__Exercise brief__
The lines to copy run from the one containing "گوشواره طلا 18" through the last line of the listing; copy them exactly and nothing more.

- - - - -

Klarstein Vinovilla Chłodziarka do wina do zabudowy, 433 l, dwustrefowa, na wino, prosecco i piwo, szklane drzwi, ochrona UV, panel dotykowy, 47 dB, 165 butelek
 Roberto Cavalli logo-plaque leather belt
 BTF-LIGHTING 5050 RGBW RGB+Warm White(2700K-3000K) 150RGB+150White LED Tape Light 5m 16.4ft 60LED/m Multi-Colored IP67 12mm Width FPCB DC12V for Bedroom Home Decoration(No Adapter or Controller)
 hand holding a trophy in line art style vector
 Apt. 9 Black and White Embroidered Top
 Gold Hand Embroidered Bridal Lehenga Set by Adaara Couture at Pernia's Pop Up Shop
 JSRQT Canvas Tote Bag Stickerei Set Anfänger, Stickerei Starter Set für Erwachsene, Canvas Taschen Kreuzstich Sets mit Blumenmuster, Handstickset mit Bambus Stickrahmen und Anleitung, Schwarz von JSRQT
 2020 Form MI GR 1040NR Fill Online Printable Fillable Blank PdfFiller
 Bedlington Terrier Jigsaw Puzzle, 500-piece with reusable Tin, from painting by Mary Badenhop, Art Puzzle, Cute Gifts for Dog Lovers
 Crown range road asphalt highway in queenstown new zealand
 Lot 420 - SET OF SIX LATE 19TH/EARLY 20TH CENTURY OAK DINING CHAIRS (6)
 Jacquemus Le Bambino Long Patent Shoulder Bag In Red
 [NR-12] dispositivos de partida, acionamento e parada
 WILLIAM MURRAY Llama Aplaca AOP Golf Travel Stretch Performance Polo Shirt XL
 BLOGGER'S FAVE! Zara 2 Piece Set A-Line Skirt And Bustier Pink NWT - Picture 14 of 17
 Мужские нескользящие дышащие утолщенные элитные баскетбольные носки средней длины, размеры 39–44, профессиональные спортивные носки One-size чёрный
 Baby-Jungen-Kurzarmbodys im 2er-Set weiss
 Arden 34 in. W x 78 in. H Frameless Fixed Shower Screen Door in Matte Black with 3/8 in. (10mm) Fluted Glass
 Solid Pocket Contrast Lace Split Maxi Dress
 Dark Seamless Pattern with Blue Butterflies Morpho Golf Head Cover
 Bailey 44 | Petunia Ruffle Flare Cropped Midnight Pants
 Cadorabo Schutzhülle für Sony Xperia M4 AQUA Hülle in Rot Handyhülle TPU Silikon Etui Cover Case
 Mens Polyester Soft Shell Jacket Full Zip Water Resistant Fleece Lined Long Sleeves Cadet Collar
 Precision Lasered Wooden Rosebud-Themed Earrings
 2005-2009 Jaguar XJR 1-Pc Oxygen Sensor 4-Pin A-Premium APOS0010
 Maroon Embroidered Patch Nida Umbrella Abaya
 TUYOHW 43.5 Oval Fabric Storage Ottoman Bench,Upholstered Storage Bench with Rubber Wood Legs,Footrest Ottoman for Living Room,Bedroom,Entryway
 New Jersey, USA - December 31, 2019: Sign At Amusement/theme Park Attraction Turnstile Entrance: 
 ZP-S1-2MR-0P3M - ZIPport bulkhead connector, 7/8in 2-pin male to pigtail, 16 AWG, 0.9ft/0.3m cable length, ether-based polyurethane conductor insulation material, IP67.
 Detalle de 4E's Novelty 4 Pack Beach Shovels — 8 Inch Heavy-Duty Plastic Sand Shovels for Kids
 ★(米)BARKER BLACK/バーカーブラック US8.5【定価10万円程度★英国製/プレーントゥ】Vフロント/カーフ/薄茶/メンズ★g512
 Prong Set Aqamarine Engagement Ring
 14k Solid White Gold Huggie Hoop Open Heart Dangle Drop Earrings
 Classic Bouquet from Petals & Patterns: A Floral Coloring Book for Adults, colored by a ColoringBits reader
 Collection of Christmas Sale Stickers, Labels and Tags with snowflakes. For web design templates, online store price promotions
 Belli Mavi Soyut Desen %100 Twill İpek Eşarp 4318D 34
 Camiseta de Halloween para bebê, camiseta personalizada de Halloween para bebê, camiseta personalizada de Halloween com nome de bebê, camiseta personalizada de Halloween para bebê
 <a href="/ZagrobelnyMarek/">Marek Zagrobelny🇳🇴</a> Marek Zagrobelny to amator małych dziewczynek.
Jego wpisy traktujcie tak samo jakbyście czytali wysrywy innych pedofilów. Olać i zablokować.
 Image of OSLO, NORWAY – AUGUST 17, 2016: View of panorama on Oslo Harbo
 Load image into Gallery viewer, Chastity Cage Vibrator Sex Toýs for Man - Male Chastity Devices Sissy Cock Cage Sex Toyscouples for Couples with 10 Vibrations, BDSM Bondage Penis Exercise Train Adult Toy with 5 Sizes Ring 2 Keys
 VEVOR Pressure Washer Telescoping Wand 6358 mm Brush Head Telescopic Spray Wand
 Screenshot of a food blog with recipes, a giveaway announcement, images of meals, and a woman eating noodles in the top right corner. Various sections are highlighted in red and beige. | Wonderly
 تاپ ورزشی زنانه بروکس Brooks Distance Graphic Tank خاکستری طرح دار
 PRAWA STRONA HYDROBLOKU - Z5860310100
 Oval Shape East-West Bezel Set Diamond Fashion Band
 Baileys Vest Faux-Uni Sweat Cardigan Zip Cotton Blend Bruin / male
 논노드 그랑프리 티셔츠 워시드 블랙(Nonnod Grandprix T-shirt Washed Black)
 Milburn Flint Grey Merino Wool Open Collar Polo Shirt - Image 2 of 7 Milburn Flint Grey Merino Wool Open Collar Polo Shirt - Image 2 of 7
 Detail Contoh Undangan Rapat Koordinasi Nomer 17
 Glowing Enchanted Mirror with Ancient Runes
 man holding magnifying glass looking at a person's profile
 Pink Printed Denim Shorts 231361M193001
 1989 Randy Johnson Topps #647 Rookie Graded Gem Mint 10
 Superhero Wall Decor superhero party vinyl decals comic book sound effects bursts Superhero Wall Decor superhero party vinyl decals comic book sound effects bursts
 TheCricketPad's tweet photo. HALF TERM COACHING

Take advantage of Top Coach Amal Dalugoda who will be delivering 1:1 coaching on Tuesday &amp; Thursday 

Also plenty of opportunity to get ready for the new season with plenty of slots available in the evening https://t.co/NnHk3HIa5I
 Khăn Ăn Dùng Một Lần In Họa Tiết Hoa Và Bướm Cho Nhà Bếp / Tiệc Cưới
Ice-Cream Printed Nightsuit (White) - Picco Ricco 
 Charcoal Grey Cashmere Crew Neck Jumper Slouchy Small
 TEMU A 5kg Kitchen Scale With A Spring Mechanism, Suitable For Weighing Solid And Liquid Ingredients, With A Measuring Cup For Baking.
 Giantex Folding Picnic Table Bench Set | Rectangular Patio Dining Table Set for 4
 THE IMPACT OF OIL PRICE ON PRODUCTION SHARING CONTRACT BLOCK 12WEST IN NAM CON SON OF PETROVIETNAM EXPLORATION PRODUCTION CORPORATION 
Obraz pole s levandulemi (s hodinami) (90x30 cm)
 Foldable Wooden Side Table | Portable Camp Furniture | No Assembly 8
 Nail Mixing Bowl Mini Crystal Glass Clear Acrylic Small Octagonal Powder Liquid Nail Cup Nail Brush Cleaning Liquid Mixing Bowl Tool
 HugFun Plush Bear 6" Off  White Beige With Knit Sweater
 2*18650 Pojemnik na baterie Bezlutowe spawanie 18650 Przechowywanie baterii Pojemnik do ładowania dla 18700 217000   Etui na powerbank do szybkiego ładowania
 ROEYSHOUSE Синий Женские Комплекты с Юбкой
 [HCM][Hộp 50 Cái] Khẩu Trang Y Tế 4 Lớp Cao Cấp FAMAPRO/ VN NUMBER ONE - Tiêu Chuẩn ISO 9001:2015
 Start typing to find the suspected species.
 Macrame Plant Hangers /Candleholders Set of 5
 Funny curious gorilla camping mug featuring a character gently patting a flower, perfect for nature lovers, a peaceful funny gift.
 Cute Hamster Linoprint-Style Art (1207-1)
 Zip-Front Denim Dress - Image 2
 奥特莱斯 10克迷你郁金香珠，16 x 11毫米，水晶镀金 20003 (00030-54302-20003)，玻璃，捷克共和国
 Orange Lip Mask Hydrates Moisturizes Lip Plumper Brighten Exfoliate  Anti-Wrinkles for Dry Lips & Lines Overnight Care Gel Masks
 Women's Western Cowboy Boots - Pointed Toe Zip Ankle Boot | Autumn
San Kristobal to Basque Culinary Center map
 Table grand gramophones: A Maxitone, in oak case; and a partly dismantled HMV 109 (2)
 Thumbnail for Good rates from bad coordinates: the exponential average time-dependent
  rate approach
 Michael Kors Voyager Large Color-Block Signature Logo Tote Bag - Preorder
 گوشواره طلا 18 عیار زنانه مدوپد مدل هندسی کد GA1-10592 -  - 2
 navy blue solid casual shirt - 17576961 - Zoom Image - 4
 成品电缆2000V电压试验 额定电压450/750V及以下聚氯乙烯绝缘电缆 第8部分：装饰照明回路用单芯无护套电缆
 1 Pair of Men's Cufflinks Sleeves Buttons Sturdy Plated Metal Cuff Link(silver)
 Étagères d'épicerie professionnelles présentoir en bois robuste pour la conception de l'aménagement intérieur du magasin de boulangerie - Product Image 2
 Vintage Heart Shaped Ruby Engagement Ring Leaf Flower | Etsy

- - - - -

__Expected answer__
 گوشواره طلا 18 عیار زنانه مدوپد مدل هندسی کد GA1-10592 -  - 2
 navy blue solid casual shirt - 17576961 - Zoom Image - 4
 成品电缆2000V电压试验 额定电压450/750V及以下聚氯乙烯绝缘电缆 第8部分：装饰照明回路用单芯无护套电缆
 1 Pair of Men's Cufflinks Sleeves Buttons Sturdy Plated Metal Cuff Link(silver)
 Étagères d'épicerie professionnelles présentoir en bois robuste pour la conception de l'aménagement intérieur du magasin de boulangerie - Product Image 2
 Vintage Heart Shaped Ruby Engagement Ring Leaf Flower | Etsy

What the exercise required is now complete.